Spread complexity for the planar limit of holography

TL;DR

This paper extends the concept of spread complexity to supersymmetric systems, enabling analytical computation of complexity in the holographic planar limit by incorporating fermionic states and superalgebras.

Contribution

It introduces a generalized framework for spread complexity that includes fermionic and supercoherent states, applicable to semiclassical systems with Lie superalgebras.

Findings

Extended spread complexity to superalgebras.

Analyzed supercoherent states in super Heisenberg-Weyl and OSp(2|1).
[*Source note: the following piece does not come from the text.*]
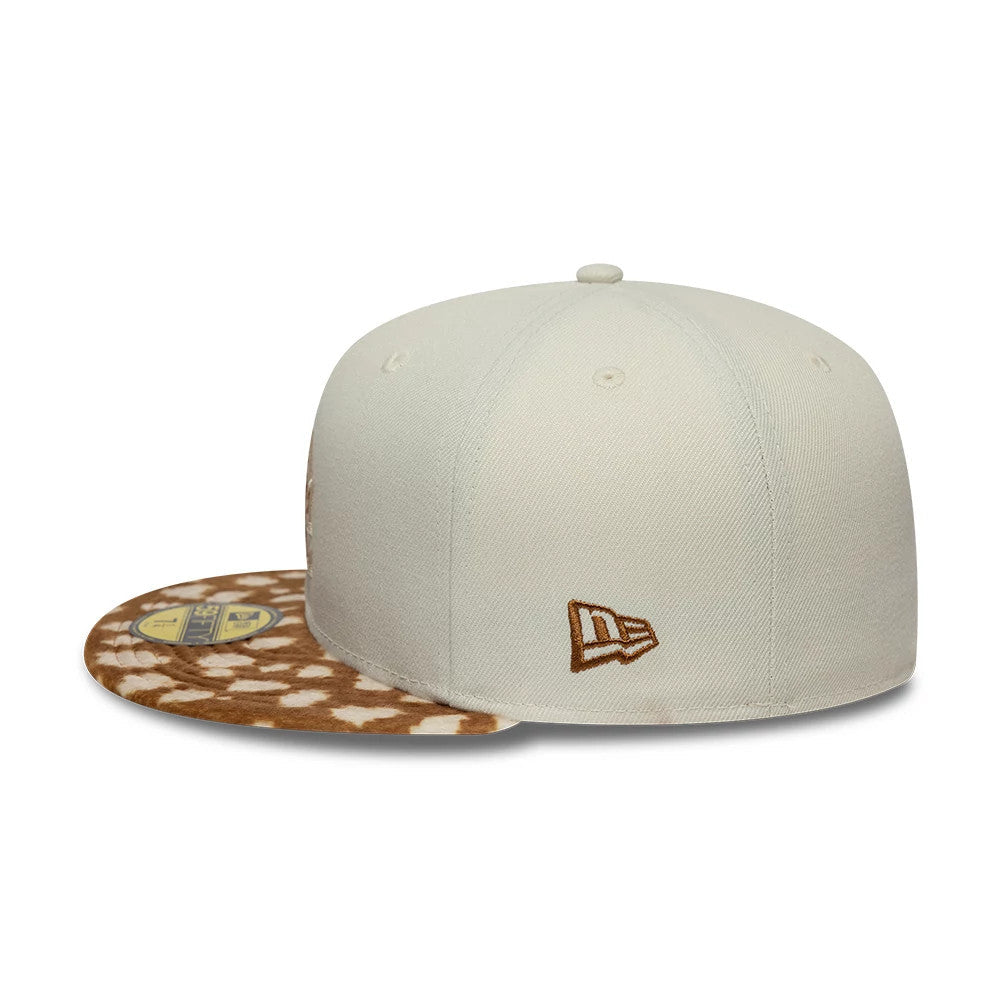 LA Dodgers Animal Print Beige 59FIFTY Fitted Cap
Computed complexity for large charge superstring states.

Abstract

Complexity is a fundamental characteristic of states within a quantum system. Its use is however mostly limited to bosonic systems, inhibiting its present applicability to supersymmetric theories. This is also relevant to its application to the AdS/CFT correspondence. To address this limitation, we extend the framework of spread complexity beyond bosonic systems to include fermionic and supercoherent states. This offers a gateway to compute spread complexity analytically for any semiclassical system governed by a Hamiltonian associated with a Lie (super)algebra. This requires extending the Krylov chain to a Krylov path in a higher-dimensional lattice. A detailed analysis of supercoherent states within the super Heisenberg-Weyl and OSp$(2|1)$ algebras elucidates distinct contributions from bosonic and fermionic degrees of freedom to the complexity. This generalisation allows us to access the semiclassical regime of the planar limit of the holographic correspondence. We then compute the spread complexity of large charge superstring states on the gravity side, which are equivalent to the dual gauge states. The resulting complexity leads to Krylov paths capturing the geometry in which the string propagates.